During his time in the US, Mr Kwarteng had been told by the head of the IMF of the importance of "policy coherence", underlining how far Britain's reputation for sound economic management and institutional stability had fallen.
Meanwhile in Westminster, Ms Truss was trying to find agreement with her cabinet ministers on a way to preserve her push for growth while also reassuring the markets and working out which of the measures could be supported by her lawmakers in parliament.
Earlier, a minister in the trade department, Greg Hands, had said people wanting details on the budget would have to wait until October 31st when Mr Kwarteng was due to set out his full plan alongside independent forecasts that will show the cost of the tax cuts to the public finances and whether they will boost economic growth.
Critics of the government had said that wait was unacceptable.
Rupert Harrison, a portfolio manager at Blackrock and once an adviser to former British chancellor George Osborne, said markets have now almost fully priced in a U-turn.
"(That) means if the U-turn doesn't come markets will react badly," he said on Twitter.
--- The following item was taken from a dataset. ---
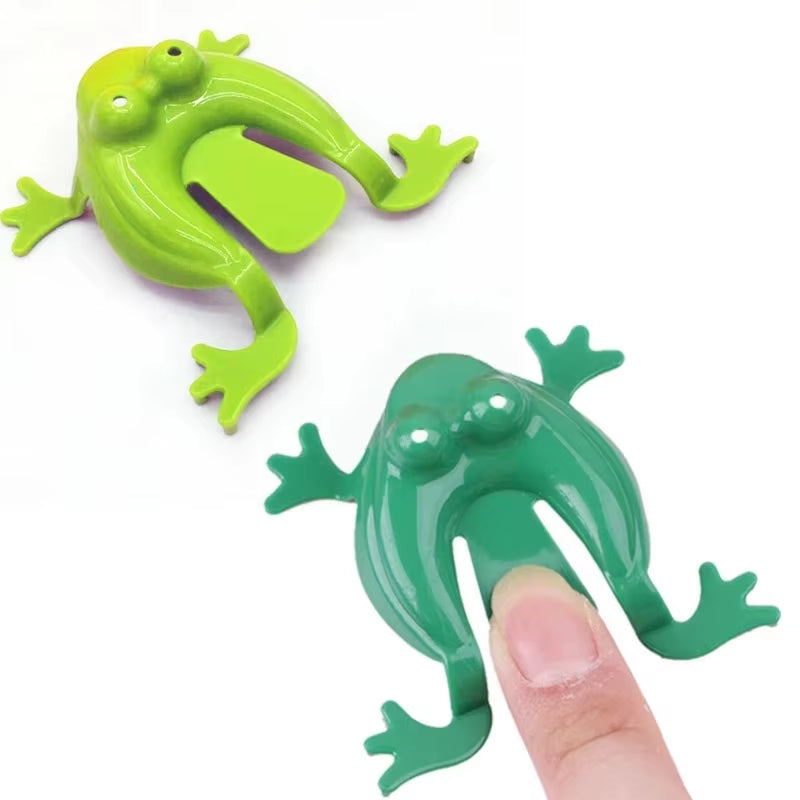 Jumping Frog Bounce Fidget Toys for Kids Novelty Assorted Stress Reliever Toys for Children Birthday Gift Party Favour 10-20Pcs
A Conservative Party lawmaker, who asked not to be named, said Ms Truss's economic policy had caused so much damage that investors may demand even deeper cuts to public spending as the price for their support.
"Everything's possible at the moment," said the lawmaker, who backed former chancellor Rishi Sunak in the leadership race. "Problem is the markets have lost trust in the Conservative Party – and who can blame them?"
Another lawmaker told Reuters earlier this week that Ms Truss needed to appreciate that there was not a huge amount of enthusiasm for her at the moment.
According to a source close to the prime minister, Ms Truss is now in "listening mode" and inviting lawmakers to speak to her team about their concerns to gauge which parts of the programme they would support in parliament.
Credit Suisse economist Sonali Punhani said markets needed to see a credible fiscal plan, with the government needing to find around £60 billion through tax cut U-turns and further spending cuts.
"It would be challenging to deliver the scale of these cuts, but for them to be credible, these need to be delivered sooner rather than in the latter part of the forecast," Ms Punhani said.
One policy that is expected to be reversed is their plan to hold corporation tax rates at 19 per cent. That had formed a key part of their package after Mr Sunak proposed increasing it to 25 per cent when he was chancellor under Truss's predecessor Boris Johnson.
That could save £18.7 billion by 2026/27.